We just moved in here, so we don’t yet have a huge database of good neighbor stories, but so far the neighbors are great. We had a housewarming party and invited the block, and several neighbors showed up with contributions of food or drink. The neighbors across the street mow our yard. Last Saturday, I was out pulling bindweed (YOU SUCK, BINDWEED) from the front yard, and the next-door neighbor brought over a huge container of homemade Louisiana gumbo.
When I came home from the hospital after giving birth, my neighbor Penny brought over dinner that she’d made.
Another neighbor, Jim, once snow-blowed (snow-blew? removed, anyway) four feet of snow off our sidewalks.
My parents have great neighbors too. When their power went out, the neighbors let them use their generator. Also, their little boy used to come over and sit beside my mom while she was gardening. It was sweet.
Another neighbor had a little boy who walked up to the fence behind their house. Mom pointed out her flowers. The little boy left, then returned and showed her his Incredible Hulk action figure.

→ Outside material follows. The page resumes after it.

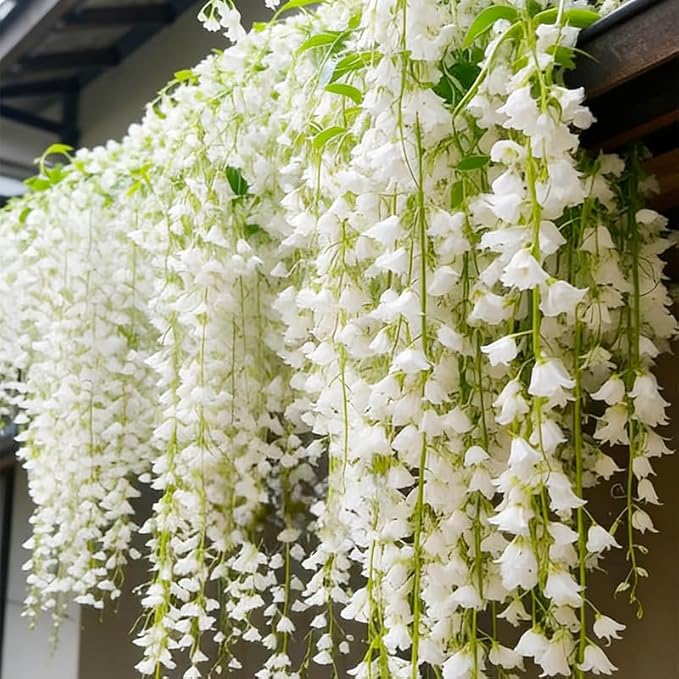 100+ Climbing Weeping Jasmine Flower Seeds for Planting in Home Garden - Non-GMO Jasmine Garden Climbing Flower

Within a week of moving in to my house, we had a big snowstorm. The next morning I went out to shovel before leaving for work and discovered the driveway already plowed. It took several months for me to establish who did the good deed. He has also mowed most of my lawn when my mower went on strike. (He didn’t do all the yard and I don’t blame him - the back is known as “the evil hill”.)
For a long time, I let kids slide down the hill each winter but erosion is a problem I constantly fight so now there is a berm with bushes in the way. I mourned the passing of sledding as much as the kids did.
I have to admit though, the neighborhood isn’t nearly as social as the one I grew up in. I blame air conditioning. We just don’t hang around outside to see each other much.
Just this summer: Next door neighbor, Les, helped me build a garden shed. Neighbor across the street, Steve, brought a skid loader and spread the gravel for said shed and built the damn floor while I was at work and couldn’t help at all. He was going to help me build it, but I asked Les instead as Steve had already done way more than enough for me. Neighbor across the alley, Stacy, painted the house for me since I couldn’t find a ‘professional’ to do it. She did a damn good job too (I paid her of course, but still she didn’t have to volunteer at all).
I have some damn good neighbors and am proud to live here.